Make the main pipeline respond to Update Events

The main pipeline needs to continue getting whatever inputs it was before and have a new pipeline input with a receiver address property that matches the send_to address specified in the output of the updater pipeline. So you can see that the output above sends to "main-ingest-pipeline" and the input belows sets that name as the address.

/main-pipeline.conf : input

input {
    # Main inputs for pipeline
    # ...

    # Input for config event updates from updater-pipeline
    pipeline {
        address => "main-ingest-pipeline"
    }
}

Respond to incoming event message - Config Update

The filter section of the main pipeline needs to check for UpdateEvents before it gets on with the normal business it was created to do.

First it needs to do a bit of setup. It does this by calling main_init. It does this only once.

Then every time the pipeline runs it checks the message kind. If the message is an UpdateEvent it calls the ruby method process_update_event and then drops the event message so Logstash does not try to save the event message as a document in ElasticSearch.

If the message is not and UpdateEvent, then it will carry on doing it's normal business of saving stuff in ElasticSearch.

/main-pipeline.conf : filter

filter {
    # Runs once at startup to set things up
    ruby {
        init => "
            require '/opt/logstash/pipeline/ruby_filters/main-pipeline.rb'
            main_init()
        "
    }

    # First - Check if message is an UpdateEvent
    if [@metadata][message][Kind] == "UpdateEvent"
    {
        ruby {
            code => "
                process_update_event(event)
            "
        }
        # Drop - Stop processing and don't try to save the event message
        drop {}
    }

    # Normal logstash business - Get on with what you were doing before
}

Storing and setting up our config

We need the config values to be persistent, so they can be used in any run of the pipeline.

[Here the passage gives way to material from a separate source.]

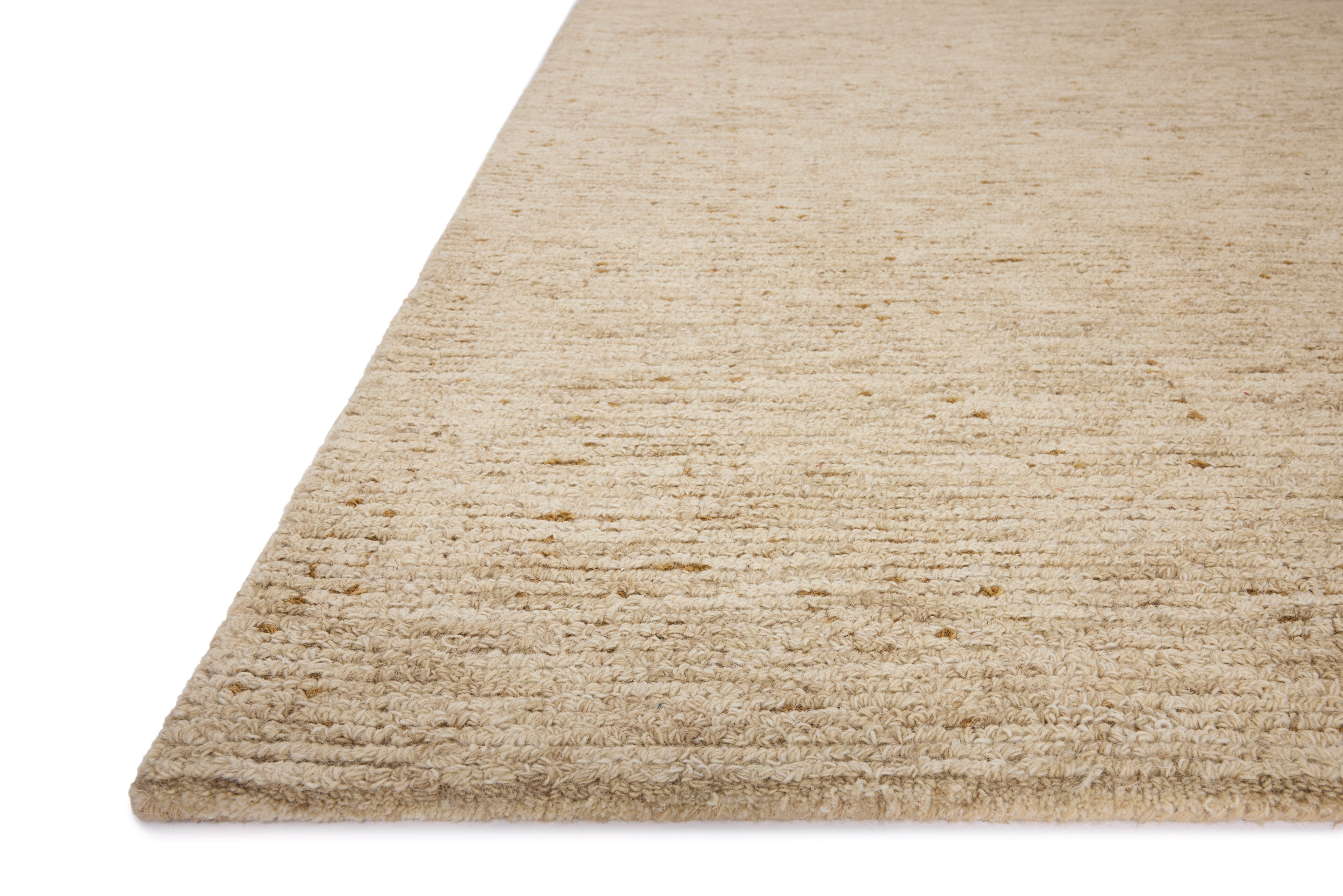 The Penny PEN-01 Gold / Natural Area Rug is a hand-tufted wool area rug that radiates radiant gold and warm natural charm and ribbed and high-low textured elegance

Variables named with a starting @@ like @@a_nice_variable in ruby are class level and are persistent between pipeline runs.

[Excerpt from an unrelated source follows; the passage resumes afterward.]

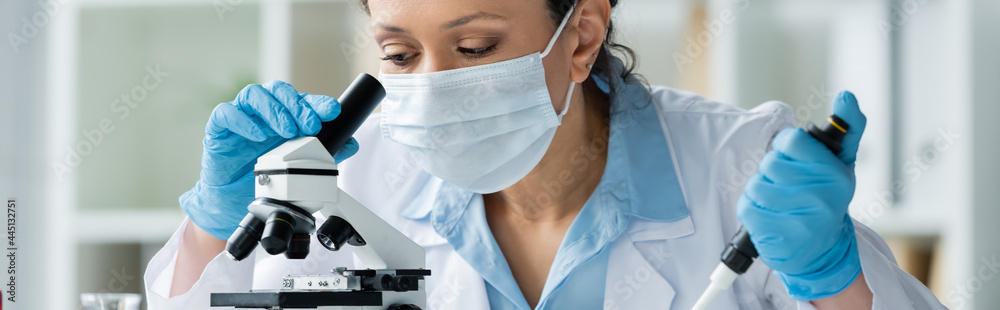 African american scientist in medical mask holding electronic pipette near microscope, banner African american scientist in medical mask holding electronic pipette near microscope, banner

They need to be declared at the class level not inside any methods. So add this to the top of your script file.

@@config = {}

The method main_init is called when the pipeline is first run. We can't guarantee it will only run once so anything it does should be thread safe.

I'm using it to make sure when we start up the pipeline we have some valid config. This could be hardcoded defaults, or it could also call the API.

def main_init()
    logger.info("main_init - Getting initial config")

    unless defined?(@@config) && @@config

        # @@variables in ruby are class level are persistent between pipeline runs

        @@config = get_config()
        @@config_load_time = Time.now
        logger.info("main_init - Loaded #{@@config.size} Config: #{@@config}")

    else

        logger.info("main_init - Config already initialized: #{@@config}")

    end

end

Respond to UpdateEvent message and update our cached config

The process_update_event method is the method that does the actual work

def process_update_event(event)

    configValue1 = event.get('[ConfigValue1]').to_s.strip
    configValue2 = event.get('[ConfigValue2]').to_s.strip

    if configValue1.empty? && configValue2.empty?
        event.cancel
        return
    end


    # @@variables in ruby are class level are persistent between pipeline runs

    @@config.value1 = configValue1
    @@config.value2 = configValue2

    @@config.load_time = Time.now

    logger.info("Updated config at #{@@config.load_time} - #{config}")

end

And that is everything you need to make your main pipeline be able to respond to events and store config that can be dynamically changed. I've found this method to work really well. These event messages can come from any input source, but using this multipipeline method is a nice way of keeping all the Logstash related functionality together.